# Python 101
---

## Python

* For a data scientist, a programming language is just a tool to organize data, test hypothesis and build models
* We will use Python as is a user-friendly high-level, general-purpose, dynamic and interpreted scripting language 
* It has widespread applications in
    * developing software,
    * building web applications,
    * scientific computing
    * data science

This chapter is therefore intended to serve as a guide for you to learn the most pertinent and helpful features of Python that will enable you to process and analyze structured and unstructured data effectively. Remember, it is not necessary to become a proficient Python developer to do be productive as a data scientist. However, as is the case with learning any new language - you will need to acquire a decent vocabulary and be able to read and understand code.

---
## The Data Science Process

What do data scientists do?
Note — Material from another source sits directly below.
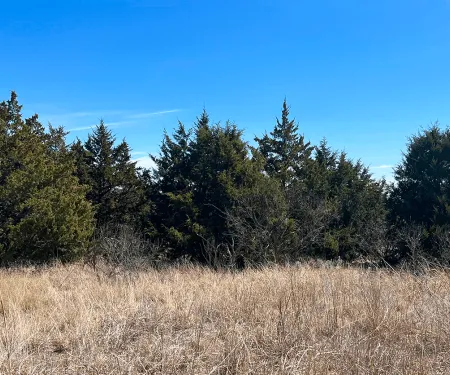 A group of invasive red cedars against a blue sky.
OSEMN things (pronounced 'awesome')
* `O` -> Obtain, gathering data from websites, APIs, databases, files etc. 
* `S` -> Scrub, cleaning and organising data into an analysis friendly shape and granularity 
* `E` -> Explore, visualise data and discover relationships between dependent and independent features  
* `M` -> Model, train and test models that fit your data
* `N` -> iNdustrialise, embed the ML or AI model into a system that feeds data into the model and receives output from it

We will now take a look at Python's *standard library* and discover important building blocks that help us in accomplishing these OSEMN things

---
## Set up the Environment

1. The quickest and hassle-free way to get up and running with the Python Data Science stack is by using the bundled distribution called Anaconda<br>[Download and Installation instructions: Anaconda](https://docs.anaconda.com/anaconda/install/)
2. If you don’t want the hundreds of packages included with Anaconda, install `Miniconda`, a lighter version of Anaconda that includes only the essentials<br>[Download and Installation instructions: Miniconda](https://docs.anaconda.com/miniconda/miniconda-install/) 
3. Though not essential right now, it is useful to know about virtual environments. [Read more about environments here](https://realpython.com/python-virtual-environments-a-primer/#how-can-you-work-with-a-python-virtual-environment)
4. Alternative: Use Python (comes pre-installed with most operating systems) and `pip`. <br>You can install the libraries required by opening the Terminal or Command Prompt and typing: 
`pip install pandas jupyterlab seaborn scikit-learn`

---
## Install Jupyter

Python is an **interpreted** language, which means that the code is executed *line-by-line*. This allows for **interactive** programming, which is critical for exploratory data science. Depending on the task at hand, Python allows you the flexibility to use it in one or more of several ways.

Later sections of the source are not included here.